▸ What this task involves: With the pictures omitted, print exactly the lines below, from the one containing "Old map wall" through the one containing "Discover Funny Sarcastic", and nothing else.

▸ Dataset content:
BEGIN

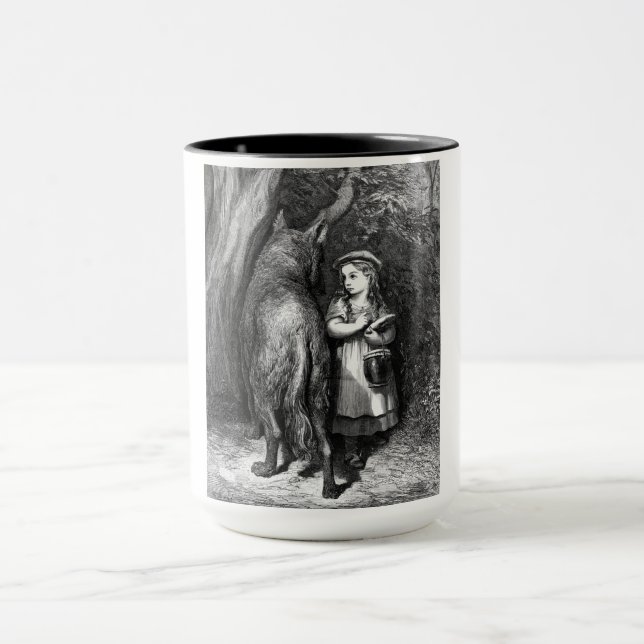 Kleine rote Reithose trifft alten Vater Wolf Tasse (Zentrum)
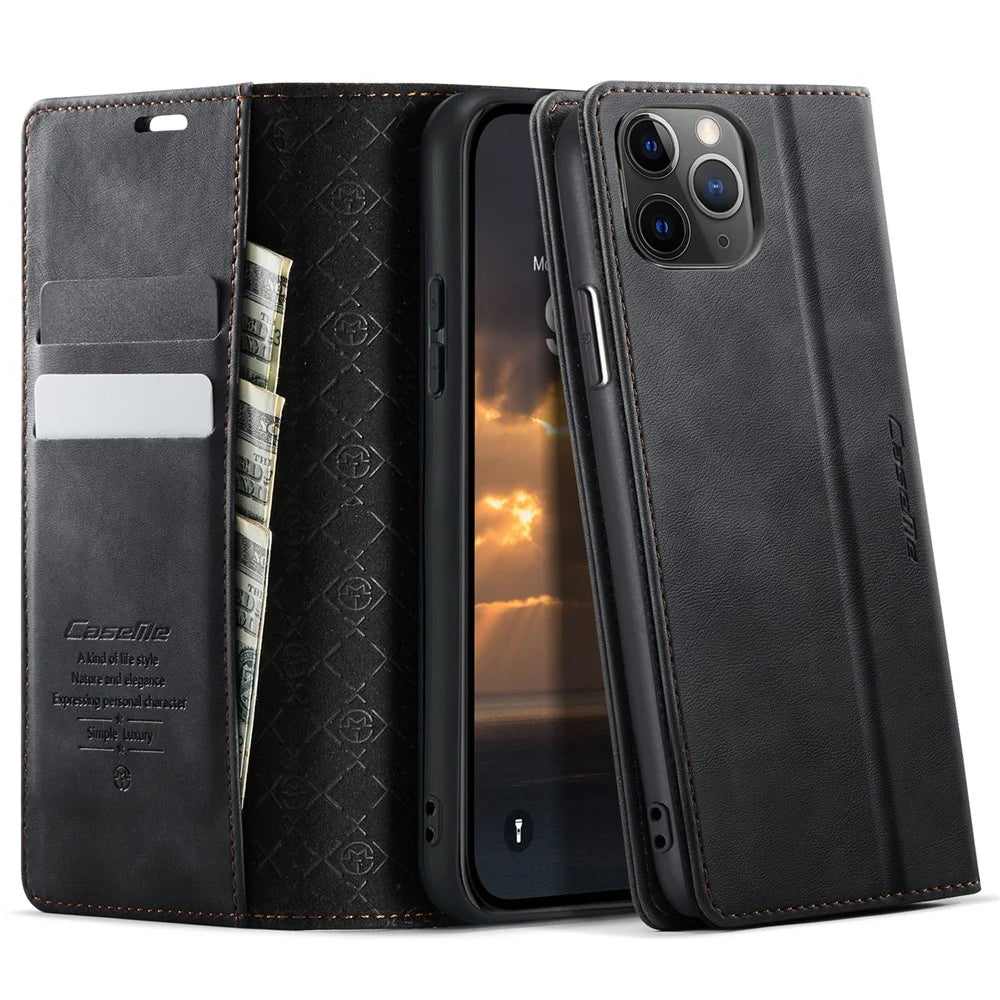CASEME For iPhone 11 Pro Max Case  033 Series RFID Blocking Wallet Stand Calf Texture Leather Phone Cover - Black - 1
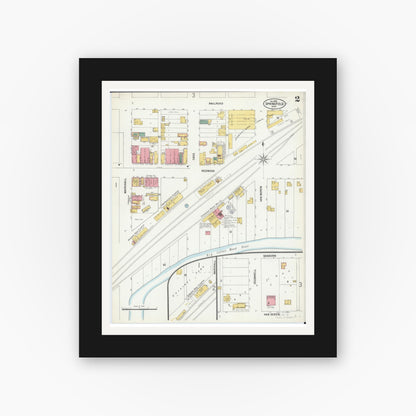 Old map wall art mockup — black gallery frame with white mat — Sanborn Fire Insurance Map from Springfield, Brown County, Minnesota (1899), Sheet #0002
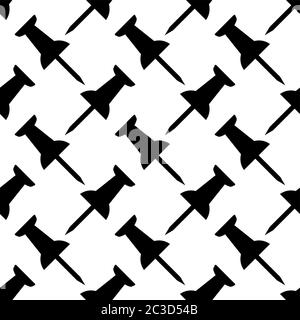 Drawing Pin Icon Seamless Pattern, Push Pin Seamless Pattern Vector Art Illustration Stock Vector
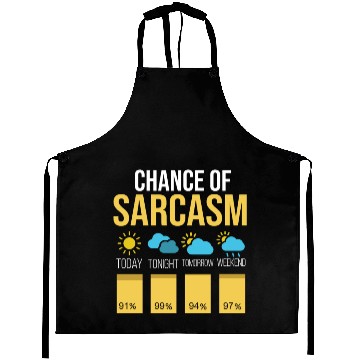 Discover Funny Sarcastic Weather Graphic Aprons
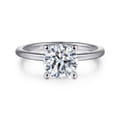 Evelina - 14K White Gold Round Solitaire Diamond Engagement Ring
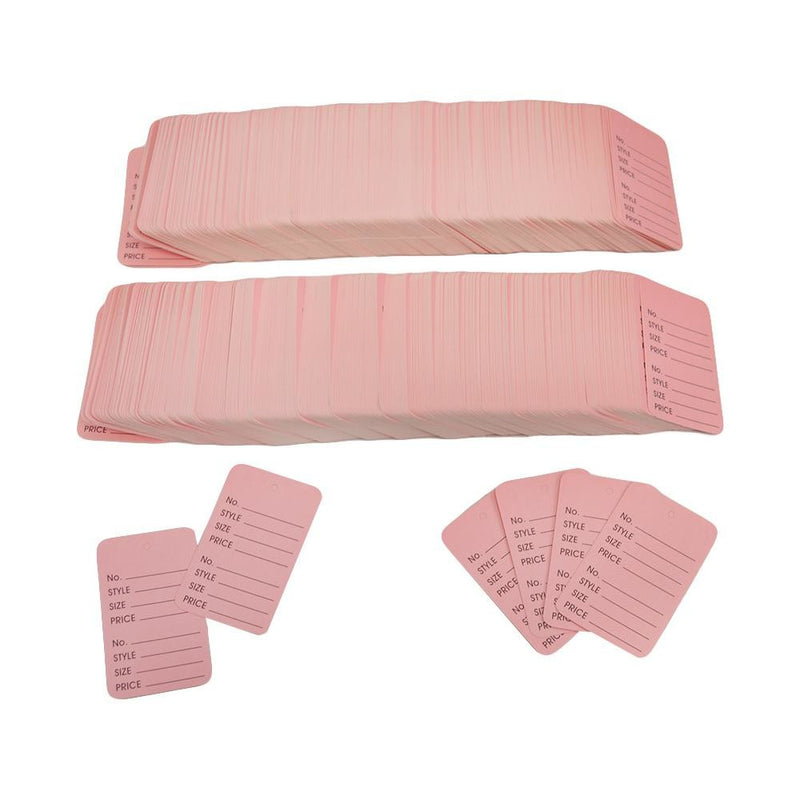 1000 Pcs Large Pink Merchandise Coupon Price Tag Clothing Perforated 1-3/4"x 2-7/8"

END

▸ Answer to this task:
 Old map wall art mockup — black gallery frame with white mat — Sanborn Fire Insurance Map from Springfield, Brown County, Minnesota (1899), Sheet #0002
 Drawing Pin Icon Seamless Pattern, Push Pin Seamless Pattern Vector Art Illustration Stock Vector
 Discover Funny Sarcastic Weather Graphic Aprons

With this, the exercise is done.